The researchers do not know exactly why humidity levels influence cognitive performance. One hypothesis is that the higher the humidity at high temperatures, the greater the stress caused to the human body by heat, according to Trezza.

This is because on very warm days, such as when the temperature is above 30°C, sweating is one of the body’s main ways of losing heat, and this is harder when the relative air humidity is already high. As a result, it is more difficult for the body to regulate its temperature in warm humid weather, especially for older people.
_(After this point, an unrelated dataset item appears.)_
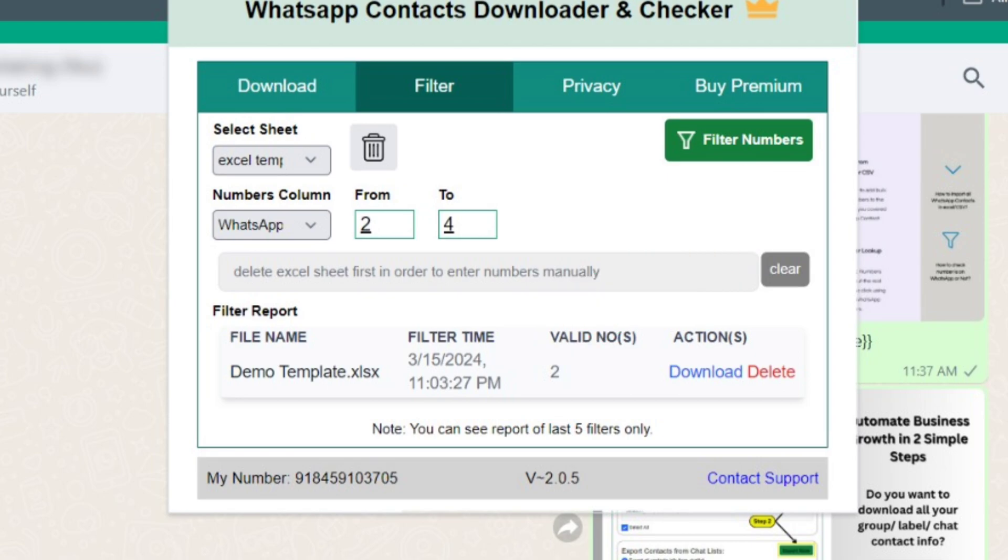To know more about how to filter numbers, I'm attaching its tutorial video link in the description box.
“Heat stress competes with cognitive performance,” Trezza explained. “The neural networks involved in trying to keep the body’s temperature stable have to deal with other issues at the same time.”

The researchers also found that the frequency of physical activity influenced the effects of heat on the older subjects’ cognitive performance.

The cognitive performance of participants who exercised less than four times a week was not as good under heat stress as that of the subjects who exercised more frequently.

“People who take regular exercise have better thermoregulatory control than sedentary people,” Trezza said. “Physical activity raises the body’s temperature and it ‘learns’ to dissipate heat.”

Groundbreaking study

According to Trezza, this was the first controlled clinical trial ever to investigate the effects of heat stress on cognitive performance in older people.

The effects of heat stress on the cognitive performance of military personnel, industrial workers exposed to extreme environments and younger people are well studied, but no such research has hitherto focused on older adults.

“We’re currently experiencing a process of population aging alongside global climate change. One of the goals of this study was to try to understand how older people whose thermoregulatory control is changing can adapt to a warmer climate,” Trezza said.

Newborn infants and older people have suffered the most from recent heat waves in different parts of the world, such as during the summer of 2003 in Europe.

“Older people are less sensitive to heat and don’t notice temperature variations as quickly as younger people, so their behavioral responses often show a significant lag,” Trezza said.

When asked whether they felt comfortable or uncomfortable at temperatures of approximately 32°C, about a third of the participants in the study said they felt comfortable.

The article “Environmental heat exposure and cognitive performance in older adults: a controlled trial” (doi: 10.1007/s11357-015-9783-z) by Trezza et al. can be read in the journal Age at link.springer.com/article/10.1007%2Fs11357-015-9783-z.